Develop a Down-Time Culture
From the very beginning, you want to set your boundaries. If you need, chart course corrections now. Create a communications plan and create processes for greater efficiency and customer contact that added to your business culture and set your business up for handling your longer absences.
Let clients know upfront what to expect in terms of communications. Establish availability hours rather than office hours. These are the periods you will pick up the phone, return messages and emails. Turn off message notifications during your” off” hours. Your clients will accept this because they know what to expect from you.
I highly recommend you do not give out your cell number. This should only be necessary if you handle real emergencies. These strategies will help you maintain your balance and set the tone for your clients’ expectations.
Set Your Sights
Craft out your goals for vacation vs. work. What would you like to do? Build up slowly. Start with long weekends regularly and build from there. However, think about how your ideal year would look.
Would you prefer shorter periods of total downtime and have more each year? Some of my clients take a long weekend every month and two 2-week vacations each year. They are still working full time in their growing businesses.
Are you aiming towards taking your business with you for more extended periods? Another full-time business owner who has two locations separated by an ocean is working towards semi-retirement. She wants to alternate her work schedule and spend three months at each site twice a year. Therefore, she would reduce her billable direct care hours. She is experimenting with this model by training her staff to manage without her physically present.
If you sell physical products, look for ways to outsource the delivery. In addition, it may be time to transition your business to a different “product,” leveraging your expertise into one that uses your time without needing to physically in front of your clients. Don’t let self-imposed demands get in your way of setting your goals.
Be honest with your clients, and don’t apologize. Start from a position of strength, as a great business leader who knows how to live the good life.
Ask Yourself, “What if?”
Once you have your plan laid out, don’t let other barriers get in your way. If cash is an issue, there are options. The easiest way to start is to plan a long staycation weekend. Plan something fun around your home and community. Don’t make it all about chores. Sleep late, go out for coffee. Better yet, take your coffee out onto your porch and enjoy the fresh air and the beginning of a new day.
Another possibility is to look into house swaps where you trade your home with someone else to experience a different area. If you are starting with a long weekend, try to swap with a family close by, maybe only an hour or two away. You want to protect your time and not use the majority of it traveling.
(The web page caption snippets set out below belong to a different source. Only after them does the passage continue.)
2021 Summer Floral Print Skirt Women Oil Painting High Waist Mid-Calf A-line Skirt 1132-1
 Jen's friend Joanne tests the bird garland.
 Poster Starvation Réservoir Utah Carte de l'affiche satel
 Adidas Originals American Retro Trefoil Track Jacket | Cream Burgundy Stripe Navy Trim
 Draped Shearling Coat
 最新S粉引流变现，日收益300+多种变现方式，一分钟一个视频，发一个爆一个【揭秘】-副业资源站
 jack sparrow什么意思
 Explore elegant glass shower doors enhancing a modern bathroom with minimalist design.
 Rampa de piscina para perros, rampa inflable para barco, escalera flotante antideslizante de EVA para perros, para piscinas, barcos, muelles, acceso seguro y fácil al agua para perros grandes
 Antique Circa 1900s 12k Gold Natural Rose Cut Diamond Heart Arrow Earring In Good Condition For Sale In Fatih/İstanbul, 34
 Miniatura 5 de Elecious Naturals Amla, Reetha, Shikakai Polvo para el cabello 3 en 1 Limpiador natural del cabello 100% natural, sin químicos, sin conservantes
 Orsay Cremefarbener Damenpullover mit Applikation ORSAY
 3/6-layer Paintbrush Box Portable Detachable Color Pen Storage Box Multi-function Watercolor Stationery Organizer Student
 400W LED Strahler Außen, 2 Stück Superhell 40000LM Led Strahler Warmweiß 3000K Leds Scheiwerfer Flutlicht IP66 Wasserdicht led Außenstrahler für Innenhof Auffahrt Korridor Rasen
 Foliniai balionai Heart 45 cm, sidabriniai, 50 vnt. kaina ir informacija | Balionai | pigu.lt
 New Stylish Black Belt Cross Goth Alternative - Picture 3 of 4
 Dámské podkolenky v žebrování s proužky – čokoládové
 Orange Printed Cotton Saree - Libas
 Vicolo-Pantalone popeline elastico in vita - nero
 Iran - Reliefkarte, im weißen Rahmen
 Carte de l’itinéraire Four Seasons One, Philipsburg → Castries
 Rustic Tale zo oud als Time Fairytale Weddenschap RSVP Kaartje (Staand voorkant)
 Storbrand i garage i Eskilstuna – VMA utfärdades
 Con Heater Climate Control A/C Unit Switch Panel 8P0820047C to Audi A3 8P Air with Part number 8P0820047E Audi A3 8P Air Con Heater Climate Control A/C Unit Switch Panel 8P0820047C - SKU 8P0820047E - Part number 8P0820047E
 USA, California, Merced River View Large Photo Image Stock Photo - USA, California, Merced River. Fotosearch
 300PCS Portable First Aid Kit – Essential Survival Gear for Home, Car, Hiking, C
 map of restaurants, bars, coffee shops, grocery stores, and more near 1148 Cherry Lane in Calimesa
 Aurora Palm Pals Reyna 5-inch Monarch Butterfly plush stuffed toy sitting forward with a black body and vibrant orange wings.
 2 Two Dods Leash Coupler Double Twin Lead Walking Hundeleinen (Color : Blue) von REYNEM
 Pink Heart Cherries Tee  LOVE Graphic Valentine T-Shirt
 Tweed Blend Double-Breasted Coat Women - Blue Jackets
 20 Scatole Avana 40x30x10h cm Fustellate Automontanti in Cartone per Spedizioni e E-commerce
You can also visit friends and family who have a private room where you can stay. Hopefully, you will have a private bathroom, but if not, try to slip into their routine. Talk in advance with the homeowners to let them know they don’t have to take care of your every waking need. Go out on your own and maybe make dinner for everyone. With that in mind, be sure to be a gracious guest. Pick up after yourselves. Take a gift for the host. Gradually build up to a reasonable length of time that works for yourself and your family.
These short spurts will help you fine-tune your business operations in your absence. And I promise you, when you come back, you will feel refreshed and ready to exceed your goals for the next few months before it is time for your next vacation!
Written from a cruise ship, sailing home from Australia.
I’d love to hear your thoughts and stories. Have you established the right balance of vacation and work time? What practices have you embraced to get there?
If you feel you work too many hours, what are the first steps you can take to make a significant reduction this next year?